The abstract type AbstractValGraph denotes a graph that can have multiple vertex and edge values. It has the signature

    AbstractValGraph{V, V_VALS, E_VALS} <: Graphs.AbstractGraph{V}

where the parameters have the following meaning:

V is the type used for indexing vertices, called the eltype of the graph. Should be a subtype of Integer.
V_VALS is the type of the vertex values.
E_VALS is the type of the edge values.

The value types V_VALS and E_VALS are either subtypes of Tuple for unnamed values or of NamedTuple for named values. For example

    AbstractValGraph{Int16, NamedTuple{(:label,) Tuple{String}}, Tuple{Int64, Float32}}

is an AbstractValGraph with eltype Int16, a single vertex value of type String called label and two unnamed edge values of type Int64 and Float32.

Use the empty tuple type Tuple{} to denote that a graph does not have vertex or edge values.

Here we use the function SimpleValueGraphs.swissmetro_graph() to load an example graph. The signature of this graphs type looks a bit more complicated, but we can check what kind of AbstractValGraph it is:

julia> g = SimpleValueGraphs.swissmetro_graph();

julia> supertype(typeof(g))
AbstractValGraph{
    Int8,
    NamedTuple{(:name, :population),Tuple{String,Int32}},
    NamedTuple{(:distance,),Tuple{Float64}}
}

The eltype of an AbstractValGraph can be queried with the eltype function:

julia> g = SimpleValueGraphs.swissmetro_graph();

julia> eltype(g)
Int8

The types of the vertex and edge values can be queried with vertexvals_type and edgevals_type

julia> g = SimpleValueGraphs.swissmetro_graph();

julia> vertexvals_type(g)
NamedTuple{(:name, :population),Tuple{String,Int32}}

julia> edgevals_type(g)
NamedTuple{(:distance,),Tuple{Float64}}

Furthermore we have hasvertexkey and hasedgekey to check if a graph has a vertex or edge value for some specific key:

julia> g = SimpleValueGraphs.swissmetro_graph();

julia> hasvertexkey(g, :name)
true

julia> hasvertexkey(g, :code)
false

julia> hasedgekey(g, 1)
true

Concrete graphs

     ValGraph{V, V_VALS, E_VALS, V_VALS_C, E_VALS_C} <: AbstractEdgeValGraph{V, V_VALS, E_VALS}
ValOutDiGraph{V, V_VALS, E_VALS, V_VALS_C, E_VALS_C} <: AbstractEdgeValGraph{V, V_VALS, E_VALS}
   ValDiGraph{V, V_VALS, E_VALS, C_VALS_C, E_VALS_C} <: AbstractEdgeValGraph{V, V_VALS, E_VALS}

`V_VALS_Cand E_VALS_C are the types of the internal data structure used to store the values. These types are always based on V_VALS and E_VALS, and are calculated automatically by the constructor.

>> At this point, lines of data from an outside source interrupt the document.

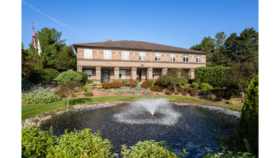 Exterior of two-story brick treatment facility with landscaped grounds, water fountain, and professional grounds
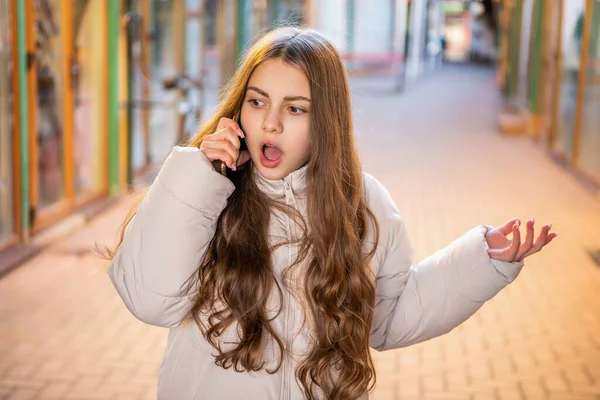 shocked teen girl having phone call in the street. teen girl having phone call outdoor. teen girl having phone call conversation. photo of teen girl having phone call outside.
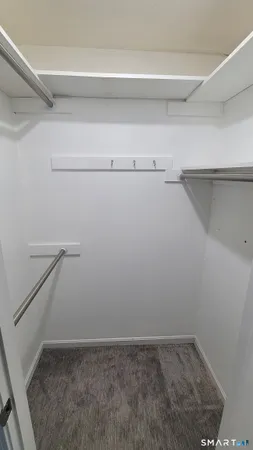 a view of an empty walk in closet
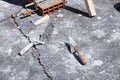 Various masonry and brickwork tools being used on a construction site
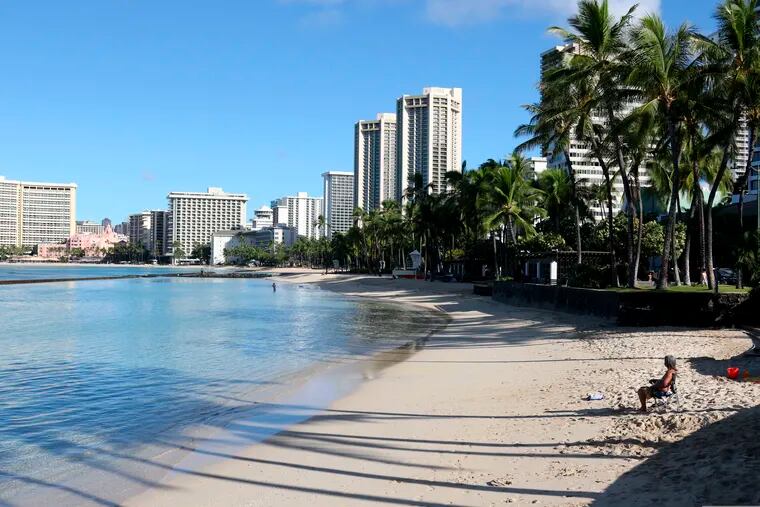 This October 2020 photo shows a man sitting on a nearly empty Waikiki Beach in Honolulu.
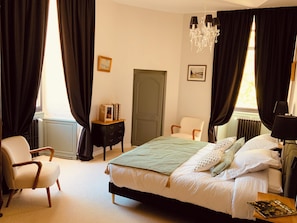 Ein Schlafzimmer mit einem Bett, einem Sessel, einer Kommode, einer Chandelüster und einem Fenster mit Vorhängen.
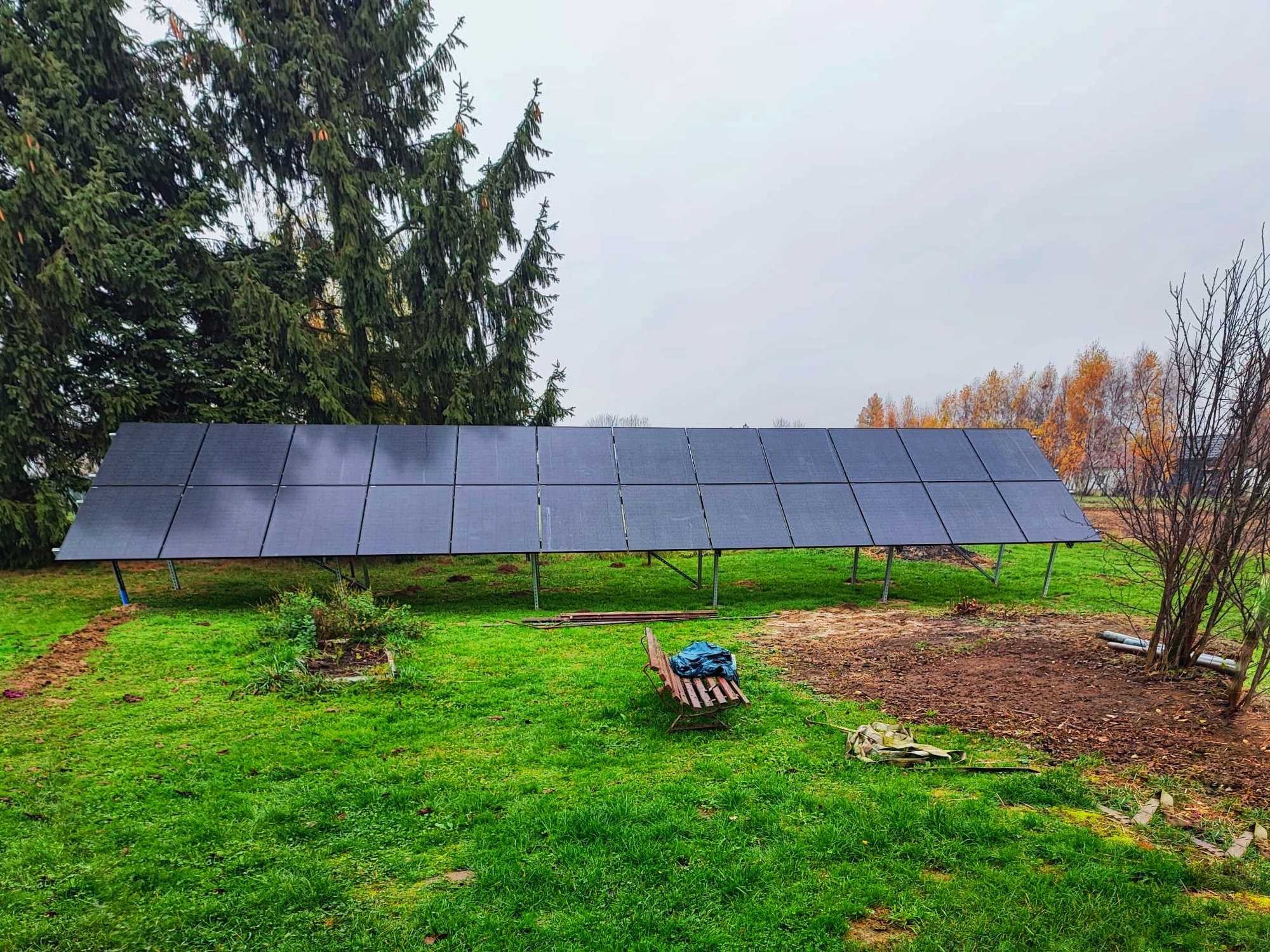 Rozległy panel słoneczny na metalowych wspornikach, zainstalowany na trawiastym terenie, z widocznym drewnianym siedziskiem i rozkopaną ziemią w tle drzew.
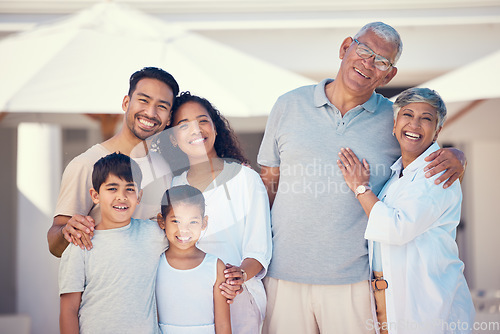 Image of Hug, smile and portrait of big family at new home for bonding, affectionate and care. Relax, quality time and natural with parents and children in garden for happiness, generations and support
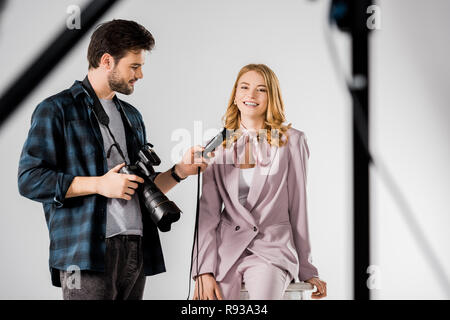 Smiling young photographer holding camera et de posemètre, tout en travaillant avec le modèle en studio Banque D'Images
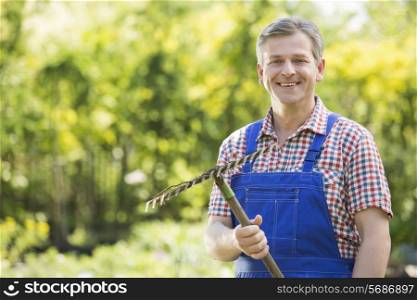 Portrait of smiling gardener holding rake in plant nursery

All three graph types represent simple graphs but also allow for self-loops.

ValGraph

Is an undirected graph

ValOutDiGraph

Is a directed graph that for each vertex only stores the outgoing edges. Therefore it only support iterating over outgoing edges of a specific vertex. The advantage is that it uses much less memory than ValDiGraph.

ValDiGraph

Is a directed graph that for each vertex only stores both the incoming as well as the outgoing edges. Is supports iterating over incoming and outgoing edges of a specific vertex with the disadvantage that it might use nearly twice as much memory as ValOutDiGraph.

Constructors

The constructors for all three graph types are basically the same, so we focus on ValGraph here.

Graphs without values

Graphs without any values an be created with

    ValGraph{V = Int32}(n)

where n is the number of vertices. One notable difference to Graphs.jl is that the eltype is not bases on the type of n but is always taken from the parameter V.

julia> g1 = ValGraph(4)
{4, 0} undirected ValGraph with
              eltype: Int32
  vertex value types: ()
    edge value types: ()

julia> g2 = ValDiGraph{Int8}(4)
{4, 0} directed ValDiGraph with
              eltype: Int8
  vertex value types: ()
    edge value types: ()

Graphs with edge values

If the graph should have edge values, their types can be specified in the constructor with the keyword argument edgeval_types. This is either a Tuple of types for unnamed edge values or a NamedTuple of types for named edge values. Note that we still need to use a Tuple or NamedTuple if we have just a single type.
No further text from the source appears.